* _What you need to do_
Reproduce the listing below from the line with "Warning! Warning! LightWave" to the line with "You can also", both lines included, character for character, minus any pictures.

Content starts

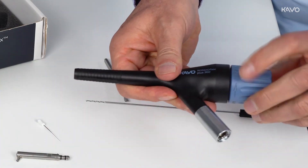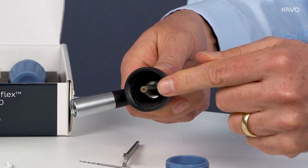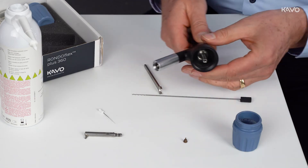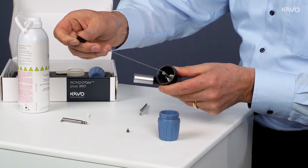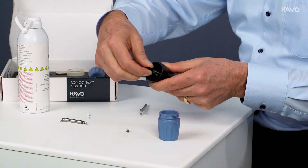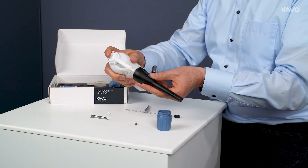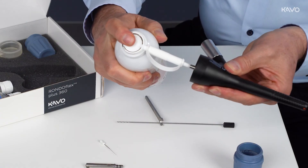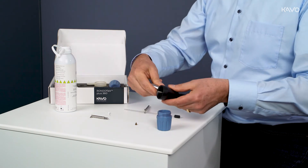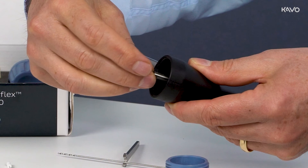If the base body is clogged, first unscrew the powder container and then the nozzle. Then insert the long cleaning tube into the base body using slight pressure. Turn the cleaning tube a maximum of 360 degrees using slight pressure and then pull it out. Repeat this process frequently until the blockage is cleared, then spray through with CAVO dry spray. The nozzle can then be screwed back on carefully with a little force.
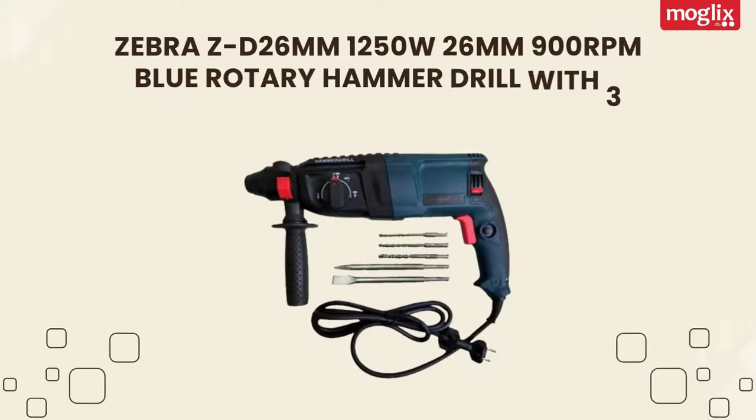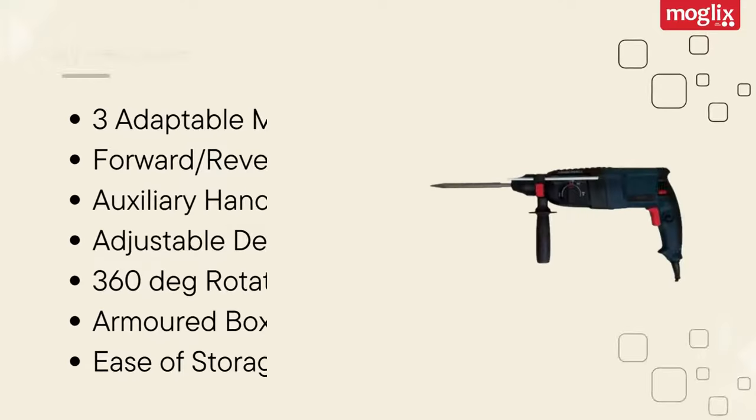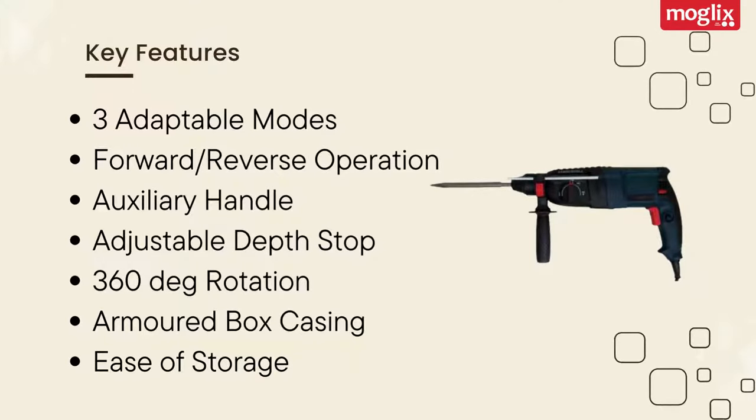Zebra ZD 26mm 1500W 26mm 900rpm Blue Rotary Hammer Drill with 3 Drill and 2 Chisel Bits. Key features include 3 adaptable modes, forward and reverse operation, auxiliary handle, adjustable depth stop, 360-degree rotation, armored box casing, and ease of storage.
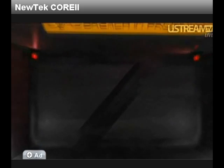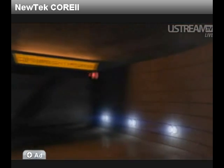Warning! Warning! LightWave Core is now online and operational! Thank you!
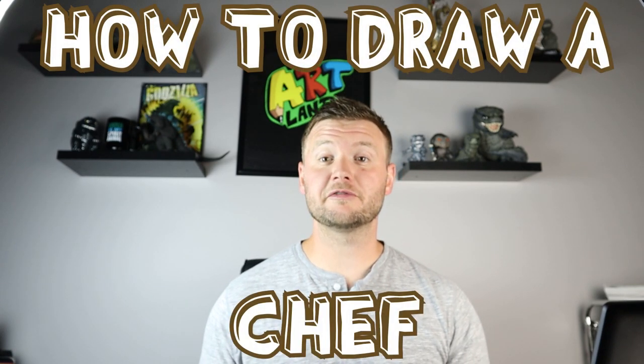Hey everyone, how's it going? For today's video I'm going to be showing you how to draw a cartoon chef. I hope you follow along and enjoy this video.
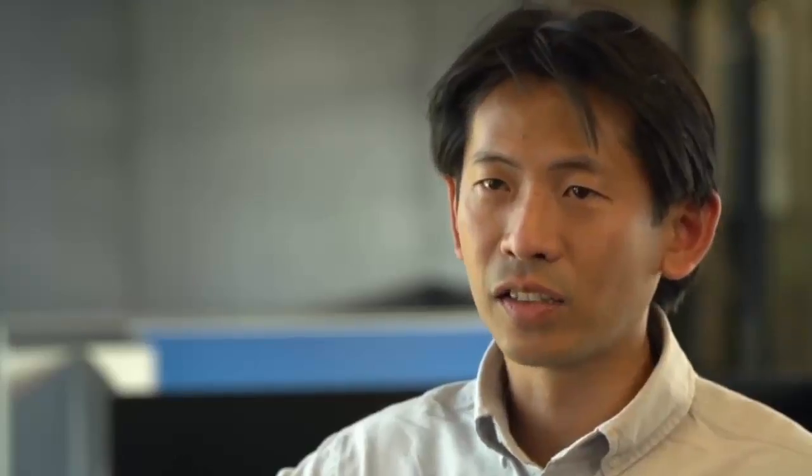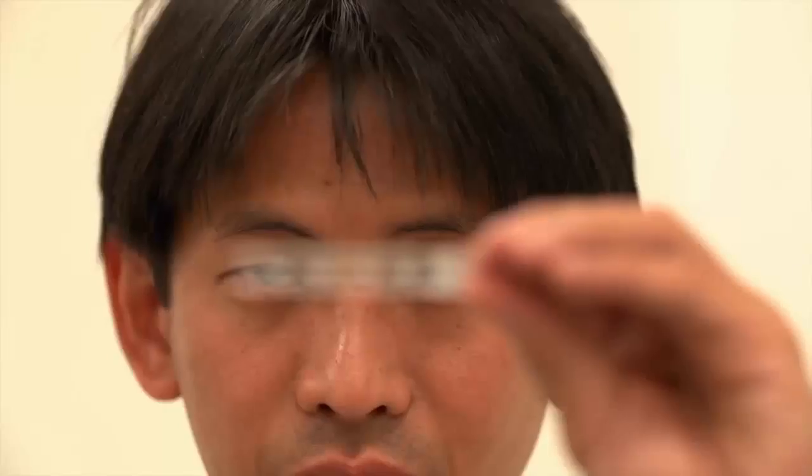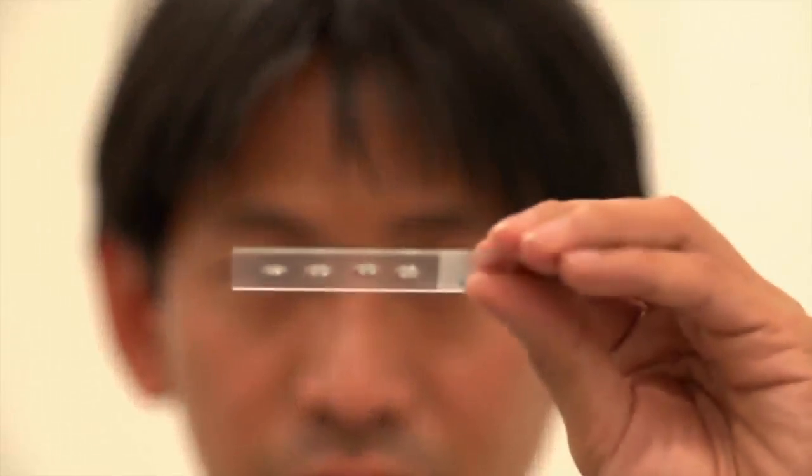This method is different because we remove any grinding and mold processes that are required for making a lens. It's very easy to do — in fact, I would think that anyone at home could do it. It costs around less than a cent to make a single lens.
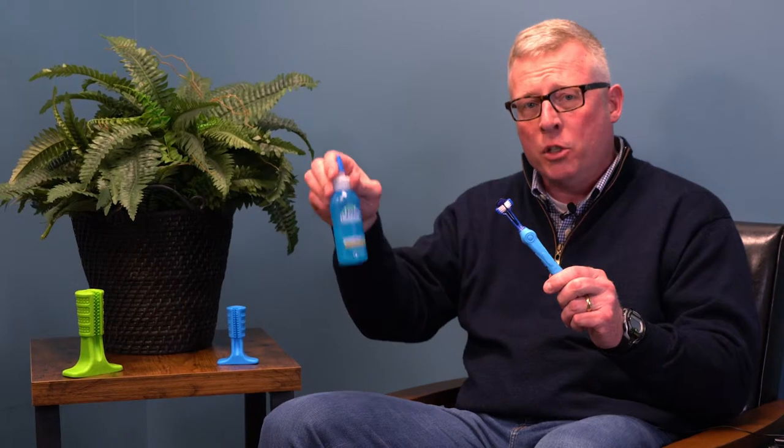The dog teeth cleaning chew toys come in sizes from 0 to 20 pounds all the way up to 80 pounds. And we're also going to be taking a look at a dog toothbrush as well as some mint toothpaste.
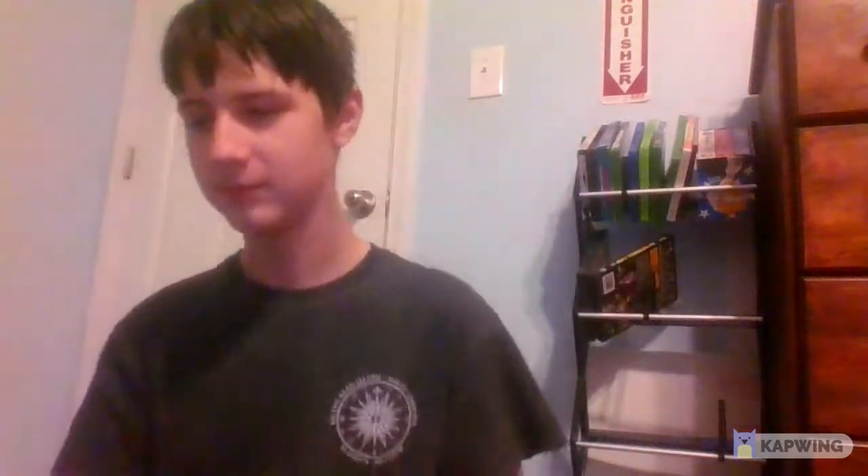Let's start with the pin first, because I got a pin while I was there. Dropped it. All right, got an Alaska flag pin. Now let's see the flags.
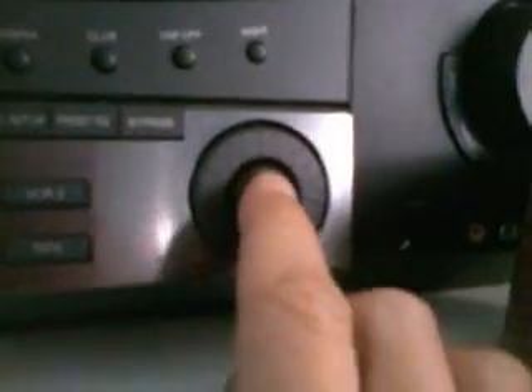Now I can press the set key, and then the same dial controls the color. I can go through the color wheel, and at the end of the color wheel, it turns white.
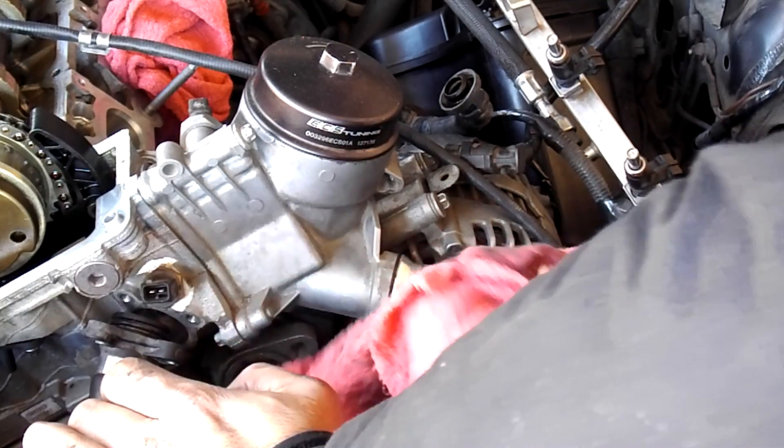There we go — I don't know if you can see, but all these metal shavings came out from cylinder 5.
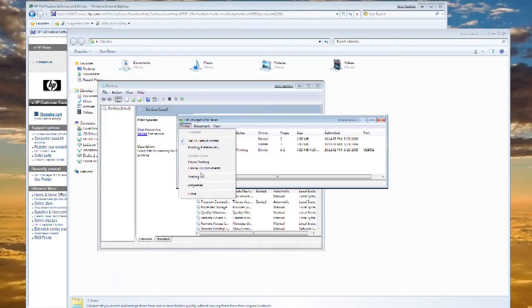You can also control-click multiple jobs and cancel two at the same time.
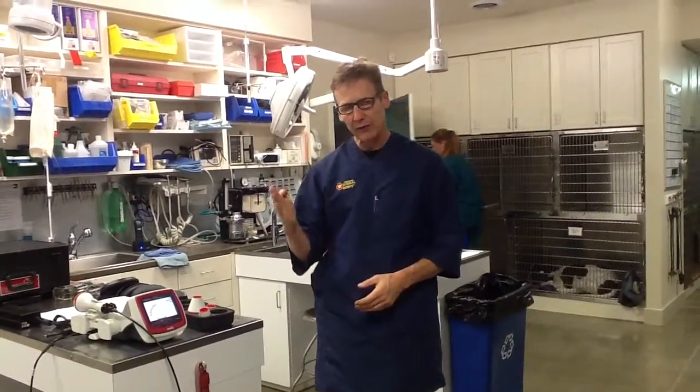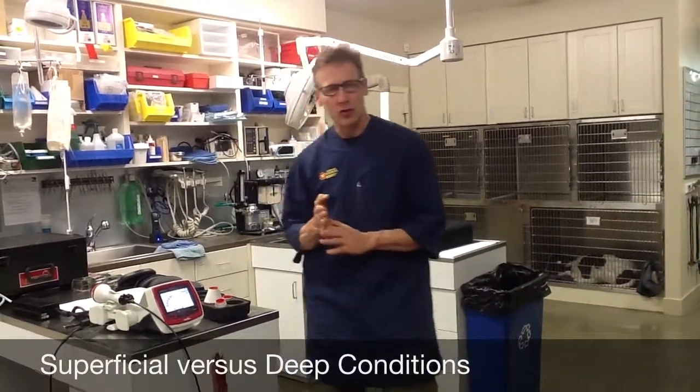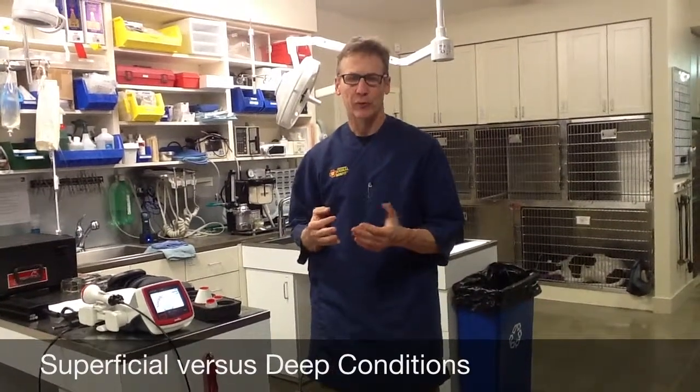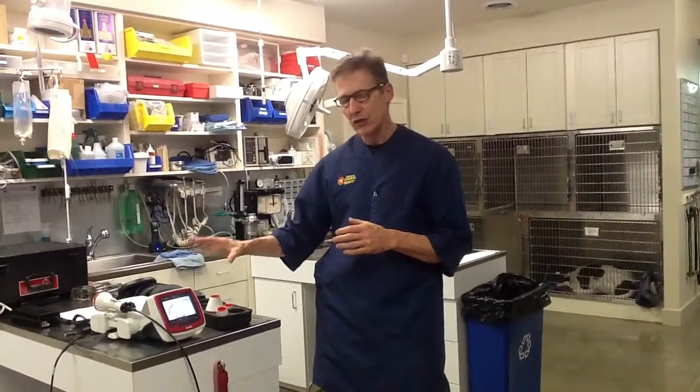We treat two basic conditions: superficial and deep. Our superficial conditions get about 4 joules per square centimeter, and our deep conditions get about 10 joules per square centimeter. A joule is approximately 4 calories — it's just a unit of energy. You'll get used to the term just like milligrams per pound once you've used the laser for about a month. All conditions sort of fall into those two categories.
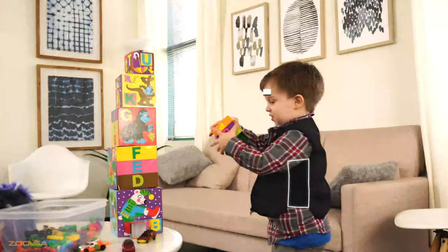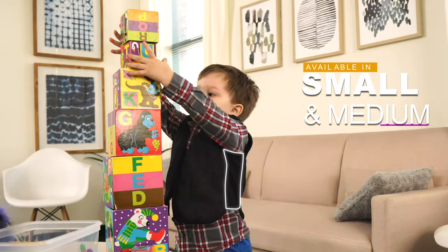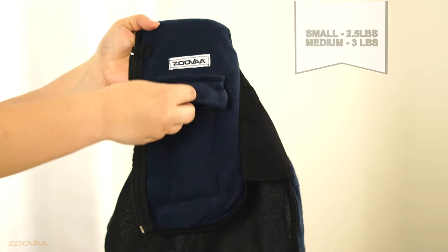Elastic side panels allow your children to move and reach for new heights, while the adjustable, removable weighted bags allow you to control the vest density within the plush terry cloth interior.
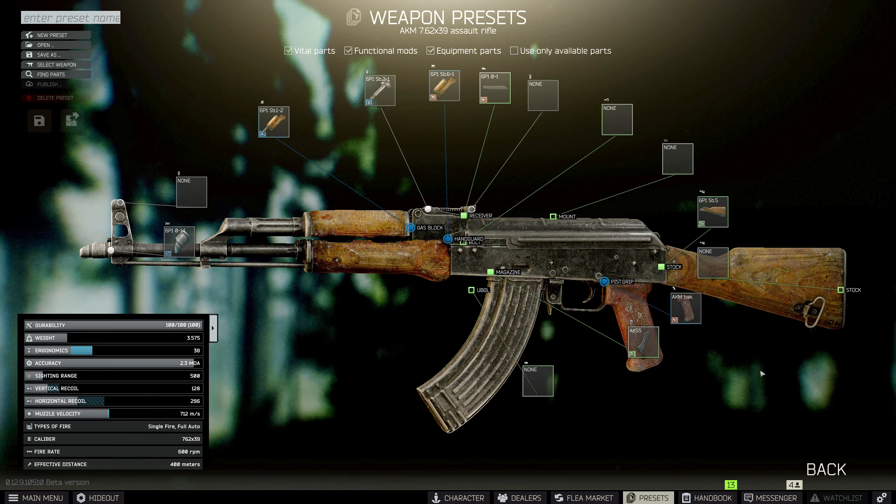Then we'll need to throw on the AKM/AK74 PT lock, and we do this so we can throw on the PT Classica stock from Zenit.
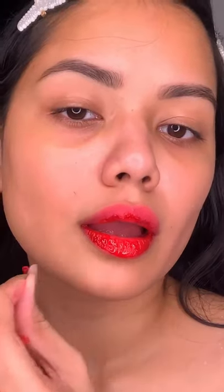Wow. I am obsessed. I think I like the pink one better. What do you think? Pink or red?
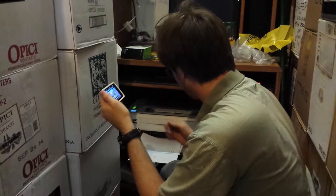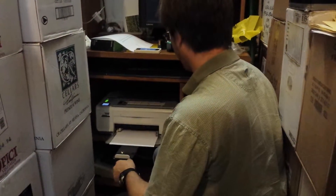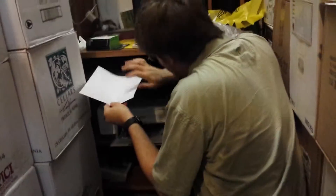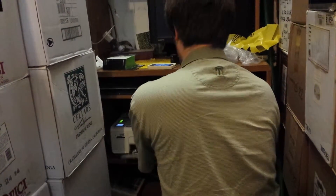That printer prints very slow. Yeah, the one I put it in has no black ink either. How can you tell? Ain't that shit. Good point. So I guess we're shit out of black ink.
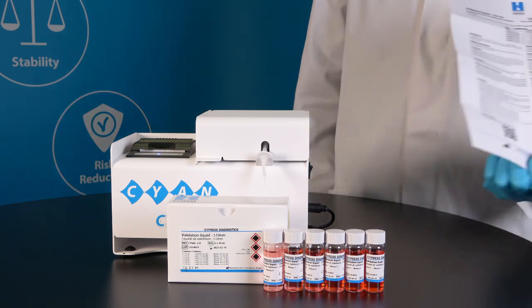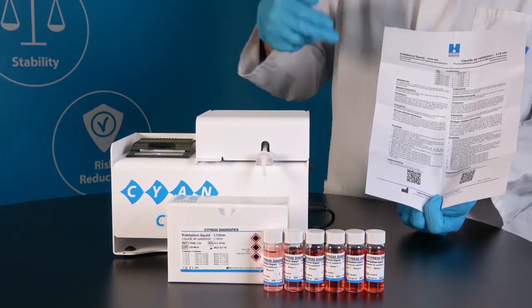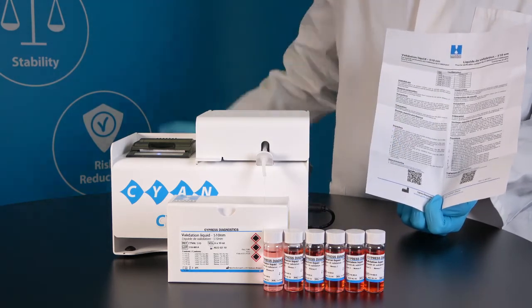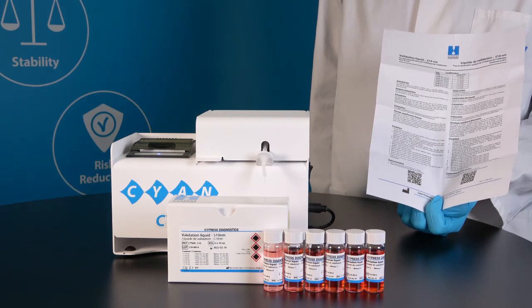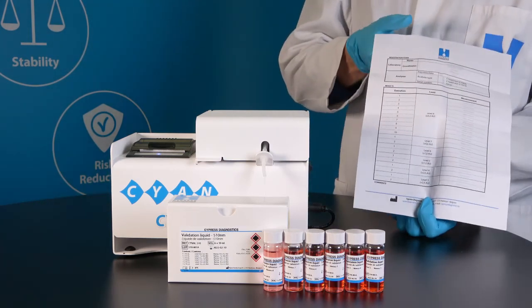Besides the liquid, each kit contains an instruction on how to perform the procedure, a QR code to the form to report the results, and a form to fill in the results at the back of the procedure.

Content ends

* _Solved problem_
Warning! Warning! LightWave Core is now online and operational! Thank you!
Hey everyone, how's it going? For today's video I'm going to be showing you how to draw a cartoon chef. I hope you follow along and enjoy this video.
This method is different because we remove any grinding and mold processes that are required for making a lens. It's very easy to do — in fact, I would think that anyone at home could do it. It costs around less than a cent to make a single lens.
The dog teeth cleaning chew toys come in sizes from 0 to 20 pounds all the way up to 80 pounds. And we're also going to be taking a look at a dog toothbrush as well as some mint toothpaste.
Let's start with the pin first, because I got a pin while I was there. Dropped it. All right, got an Alaska flag pin. Now let's see the flags.
Now I can press the set key, and then the same dial controls the color. I can go through the color wheel, and at the end of the color wheel, it turns white.
There we go — I don't know if you can see, but all these metal shavings came out from cylinder 5.
You can also control-click multiple jobs and cancel two at the same time.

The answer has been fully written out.